Given records:
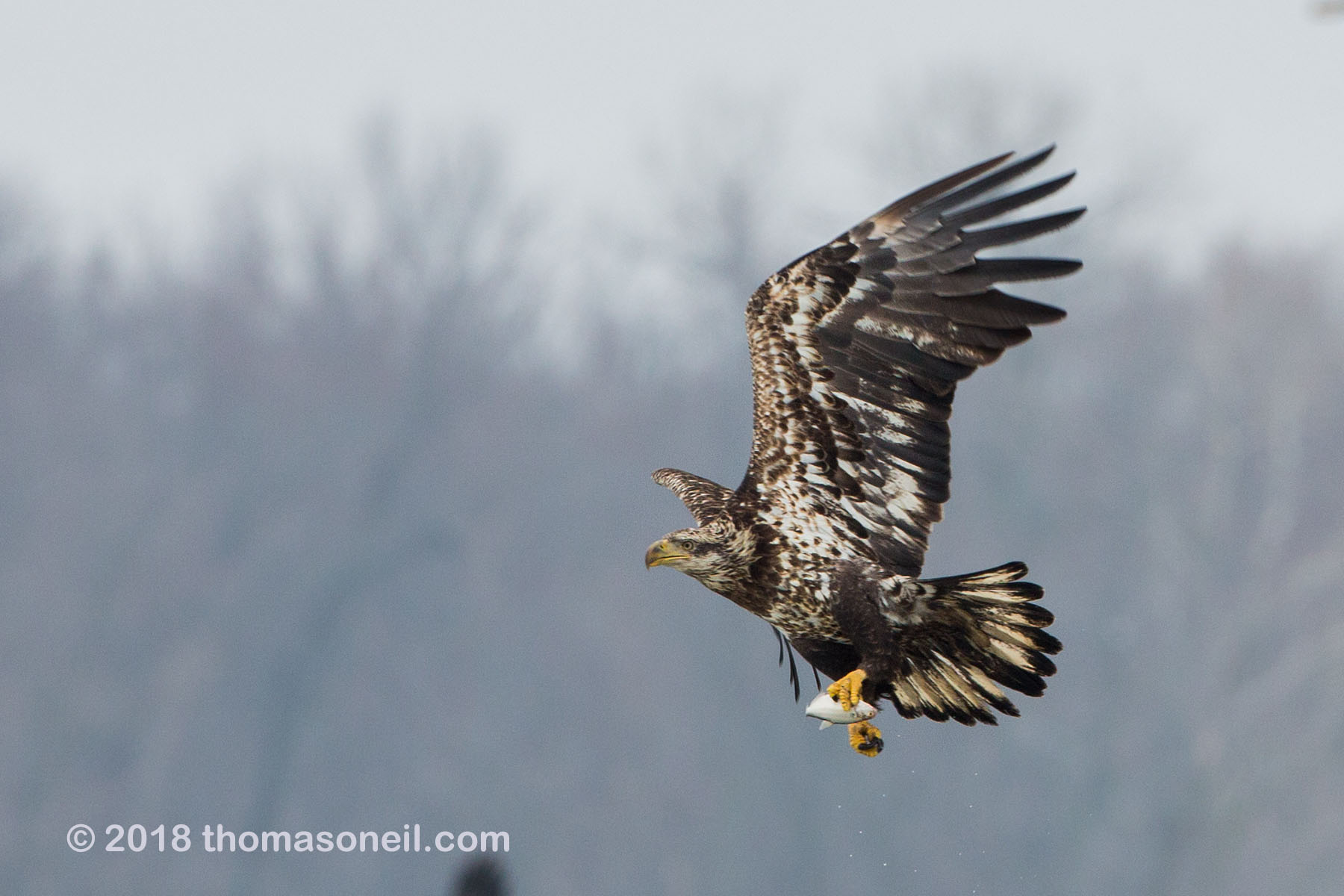 Juvenile bald eagle with fish, 10 of 13 in sequence, Lock and Dam 18, Illinois, January 2018.  Click for next photo.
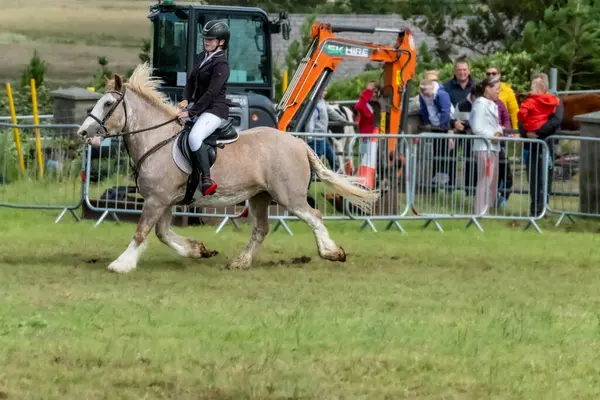 MEENACES, İKİNCİ DONEGAL, İRELAND - 4 AĞUSTOS 2025: Danni Watters gelişmiş binicilik bölümü için Terence Bonner anıtı almaya hazırlanıyor.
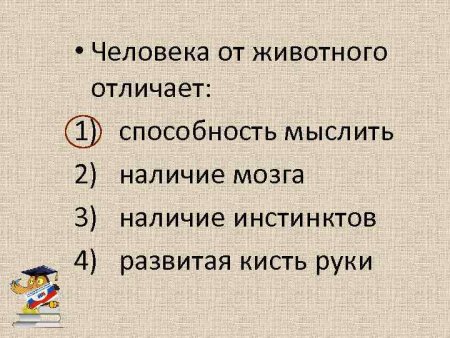 Что отличает человека от животного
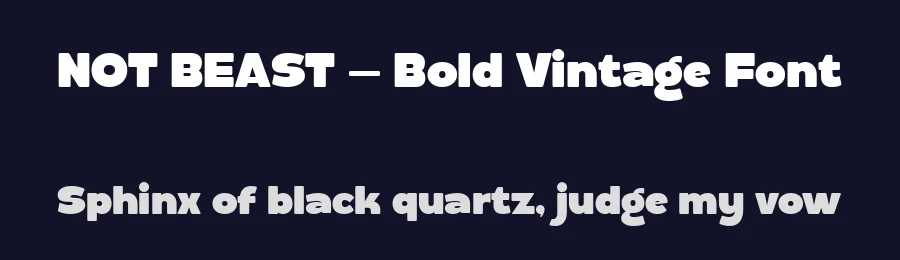 NOT BEAST – Bold Vintage Font by Salamahtype — Display Font — thumbnail 2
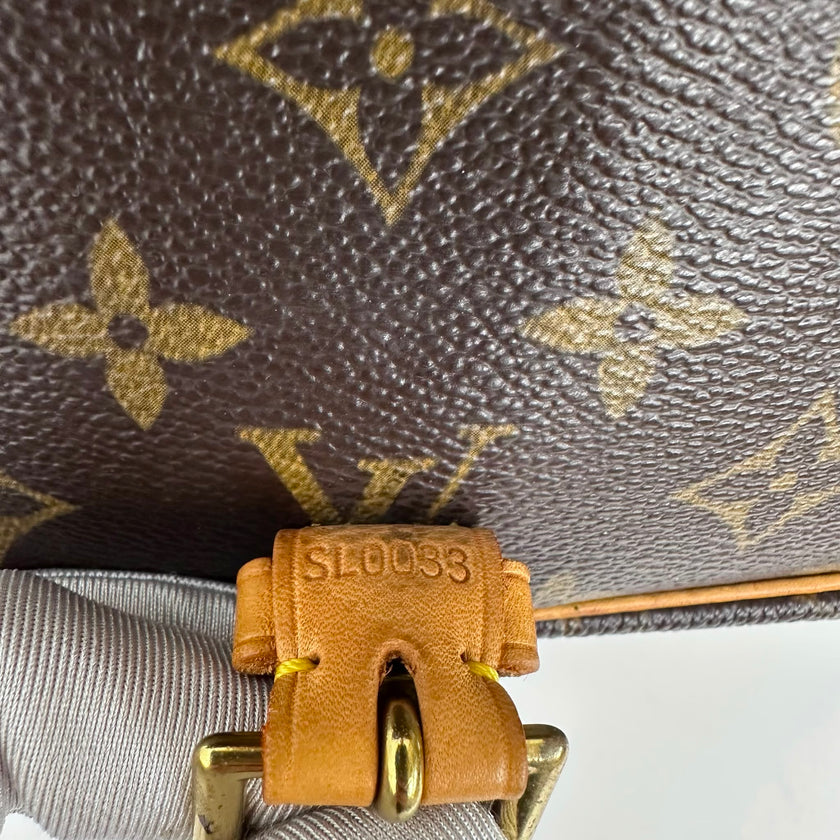 Louis Vuitton Borsa Sologne Monogram Canvas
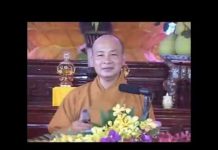 Con Ơi Đừng Để Muộn Màng – Thích Trí Huệ con oi dung de muon mang thich t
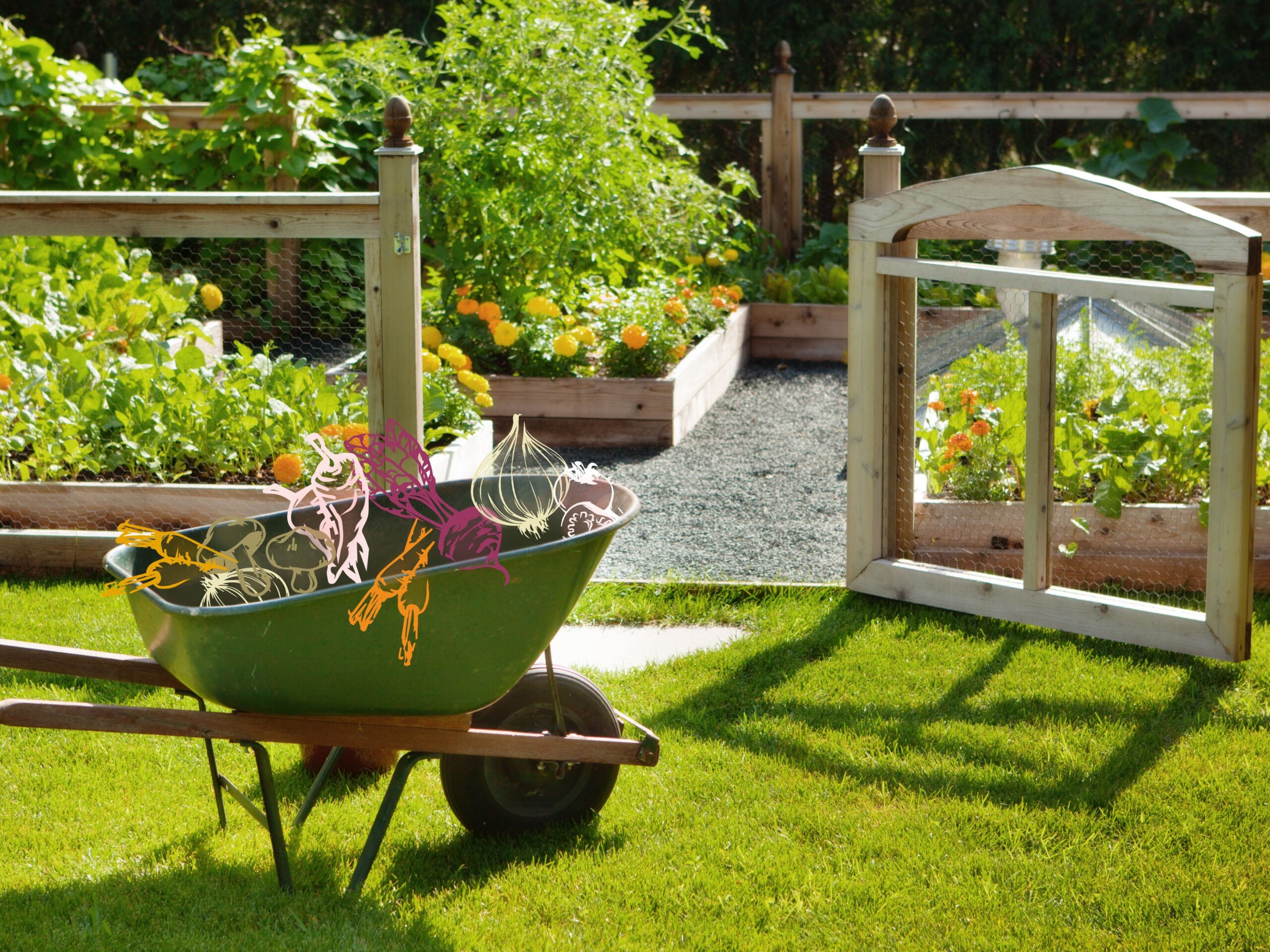 gardening and landscaping ideas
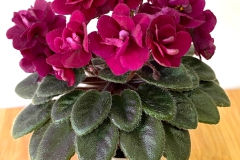 2020 Virtual Flower Show Section A – Gesneriads in Flower Class 10 – Old World Hybrids, Saintpaulia Hybrids
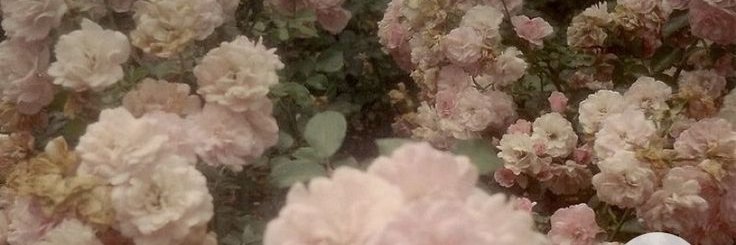Jade, again banner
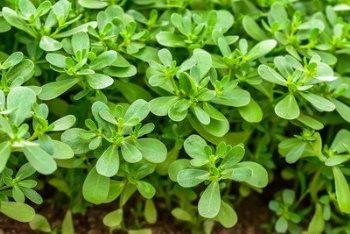 Parslane Herb Seeds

What to work on:
The records shown above are to be repeated exactly, with the pictures left out.

Answer for the task:
 Juvenile bald eagle with fish, 10 of 13 in sequence, Lock and Dam 18, Illinois, January 2018.  Click for next photo.
 MEENACES, İKİNCİ DONEGAL, İRELAND - 4 AĞUSTOS 2025: Danni Watters gelişmiş binicilik bölümü için Terence Bonner anıtı almaya hazırlanıyor.
 Что отличает человека от животного
 NOT BEAST – Bold Vintage Font by Salamahtype — Display Font — thumbnail 2
 Louis Vuitton Borsa Sologne Monogram Canvas
 Con Ơi Đừng Để Muộn Màng – Thích Trí Huệ con oi dung de muon mang thich t
 gardening and landscaping ideas
 2020 Virtual Flower Show Section A – Gesneriads in Flower Class 10 – Old World Hybrids, Saintpaulia Hybrids
Jade, again banner
 Parslane Herb Seeds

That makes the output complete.